+++ Source information

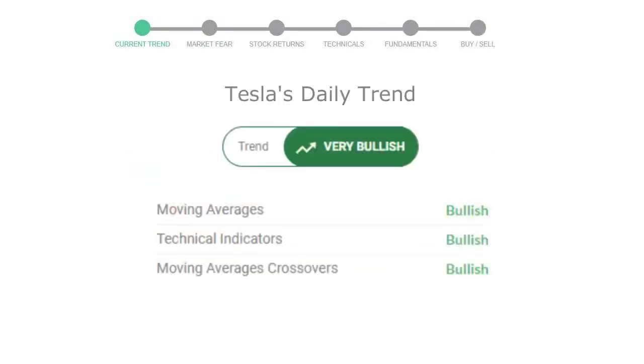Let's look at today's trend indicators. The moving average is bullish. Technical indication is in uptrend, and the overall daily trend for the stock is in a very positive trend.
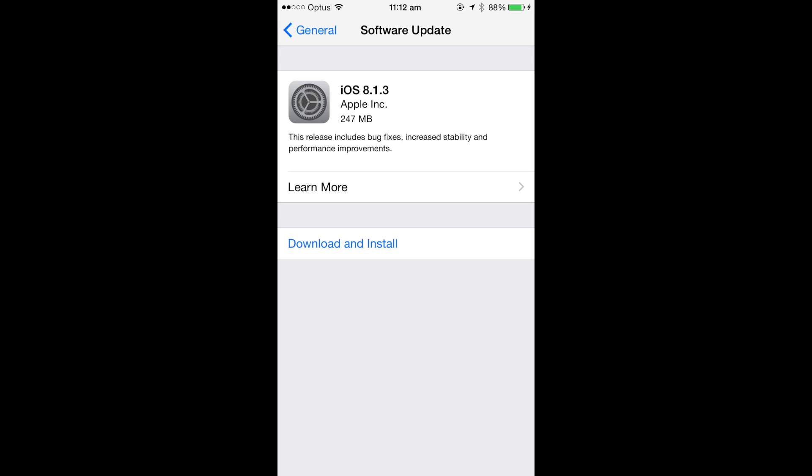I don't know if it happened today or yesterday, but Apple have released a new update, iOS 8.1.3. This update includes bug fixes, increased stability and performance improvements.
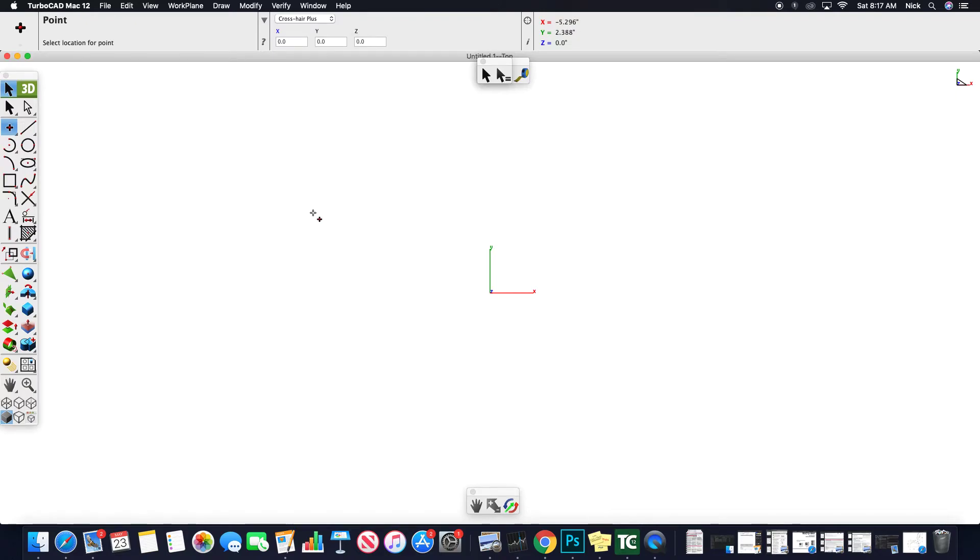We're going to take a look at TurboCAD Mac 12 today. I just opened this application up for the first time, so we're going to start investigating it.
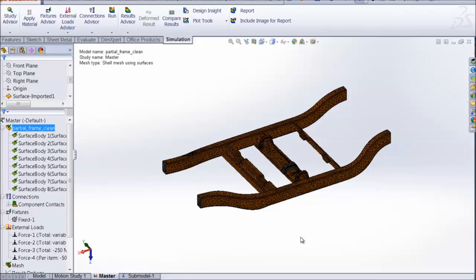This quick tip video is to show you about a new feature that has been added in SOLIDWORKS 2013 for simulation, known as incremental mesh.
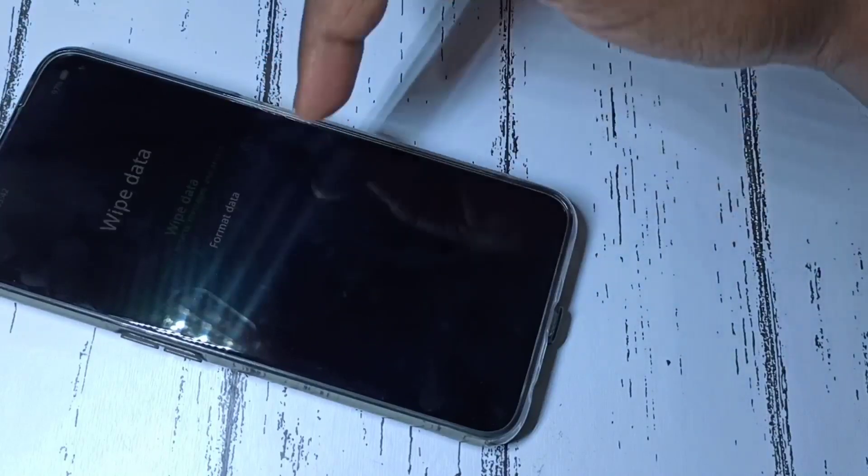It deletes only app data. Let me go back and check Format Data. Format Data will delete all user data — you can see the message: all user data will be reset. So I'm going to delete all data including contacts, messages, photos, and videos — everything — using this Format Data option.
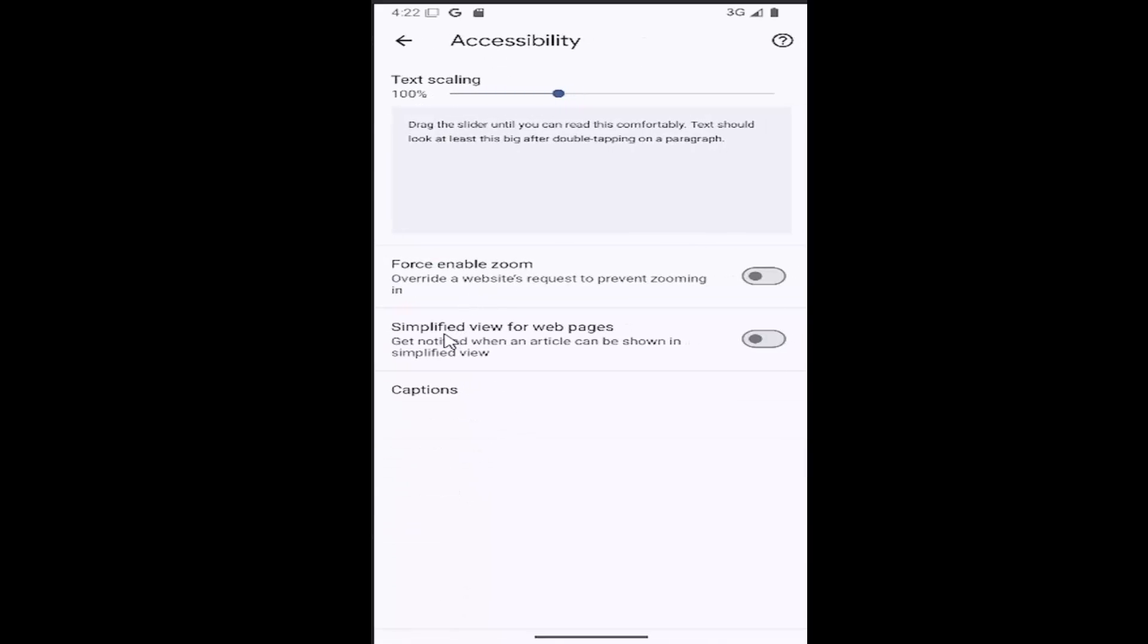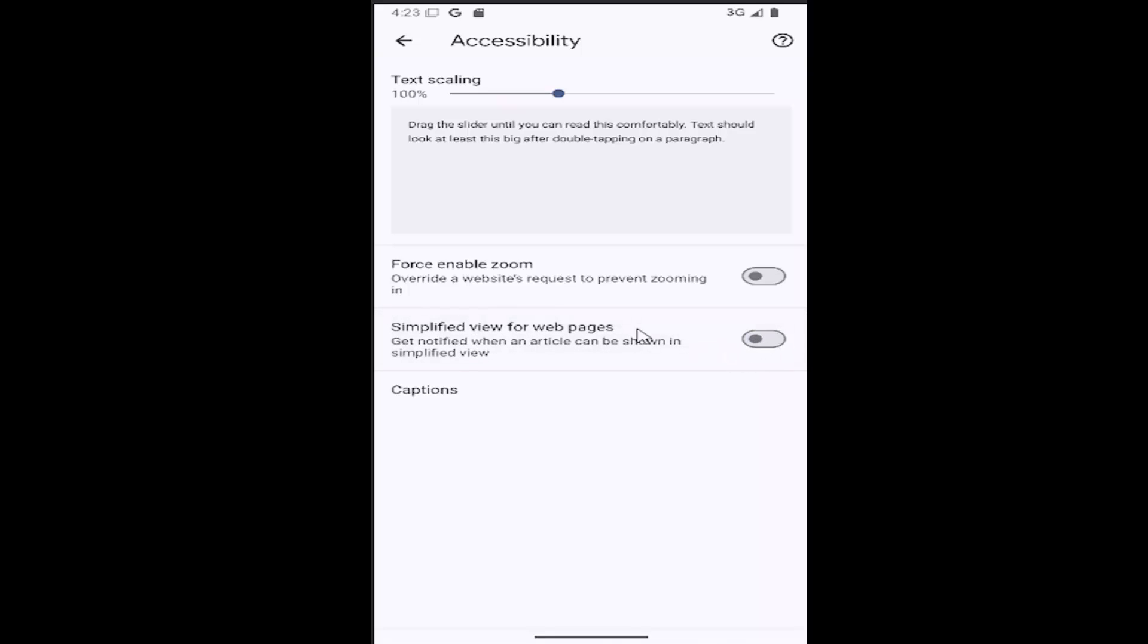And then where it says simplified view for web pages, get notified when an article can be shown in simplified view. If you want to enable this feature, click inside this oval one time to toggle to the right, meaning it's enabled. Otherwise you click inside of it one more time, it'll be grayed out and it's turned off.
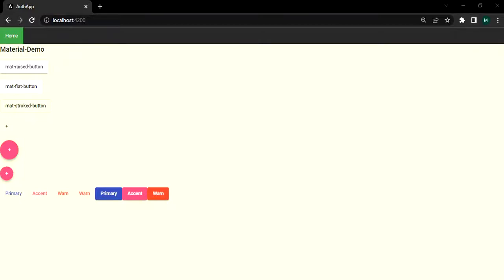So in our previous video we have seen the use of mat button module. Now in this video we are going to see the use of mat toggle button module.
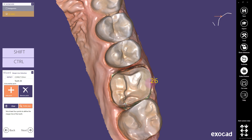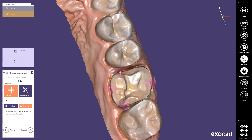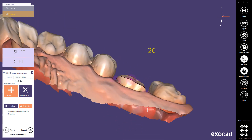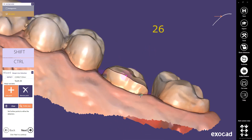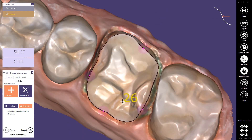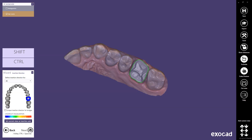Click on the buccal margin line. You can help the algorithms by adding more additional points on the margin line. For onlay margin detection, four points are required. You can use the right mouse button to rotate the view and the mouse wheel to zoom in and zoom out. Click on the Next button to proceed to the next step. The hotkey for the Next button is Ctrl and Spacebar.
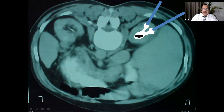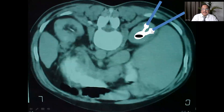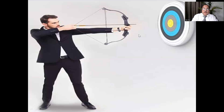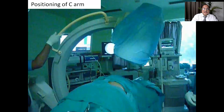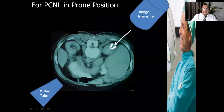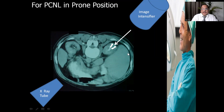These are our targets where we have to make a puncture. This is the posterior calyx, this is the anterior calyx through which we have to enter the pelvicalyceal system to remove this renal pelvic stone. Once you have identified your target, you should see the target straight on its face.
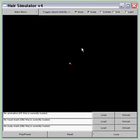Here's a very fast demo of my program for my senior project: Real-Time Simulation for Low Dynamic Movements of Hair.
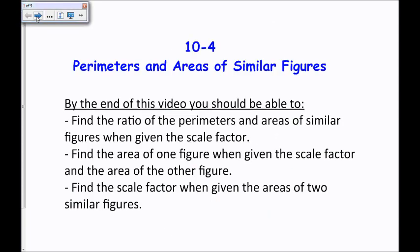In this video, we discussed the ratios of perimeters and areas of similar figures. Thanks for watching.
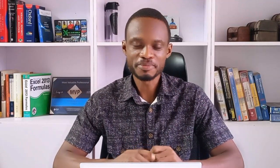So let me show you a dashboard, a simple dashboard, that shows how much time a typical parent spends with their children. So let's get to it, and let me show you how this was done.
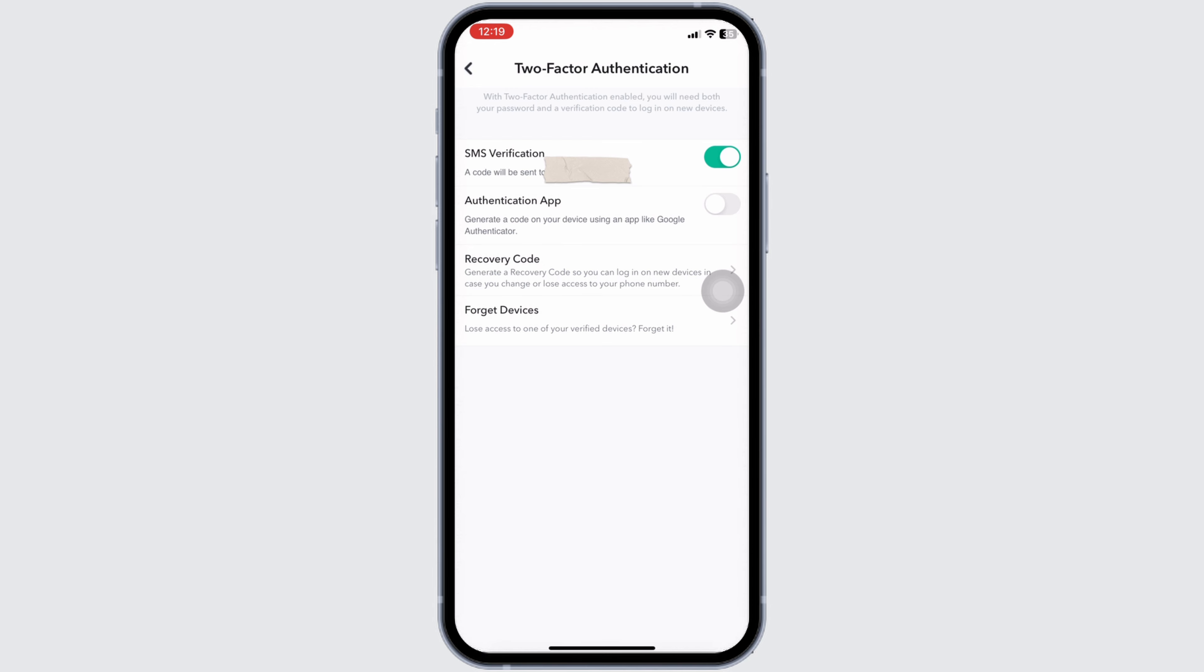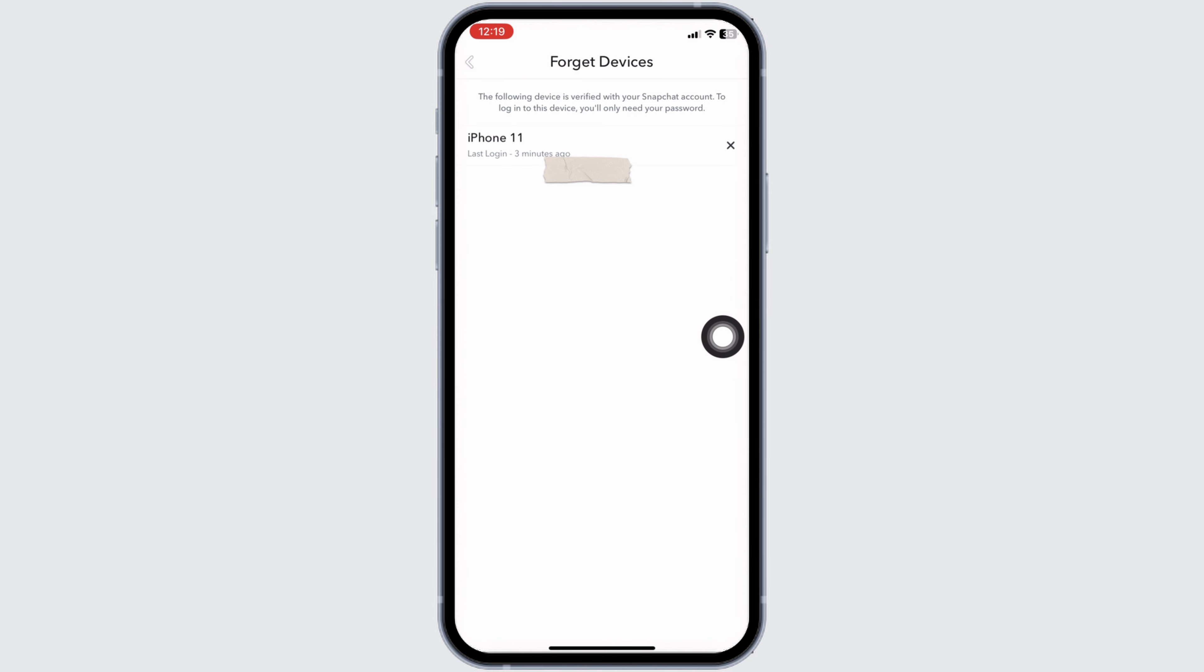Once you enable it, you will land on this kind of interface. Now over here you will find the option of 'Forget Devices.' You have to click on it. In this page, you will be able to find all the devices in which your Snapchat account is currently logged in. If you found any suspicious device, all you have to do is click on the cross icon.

++++++

- Your task
Return the lines exactly, from the one containing "So let me show" through the last line above, including both ends and excluding every picture.

- Response to the exercise
So let me show you a dashboard, a simple dashboard, that shows how much time a typical parent spends with their children. So let's get to it, and let me show you how this was done.
Once you enable it, you will land on this kind of interface. Now over here you will find the option of 'Forget Devices.' You have to click on it. In this page, you will be able to find all the devices in which your Snapchat account is currently logged in. If you found any suspicious device, all you have to do is click on the cross icon.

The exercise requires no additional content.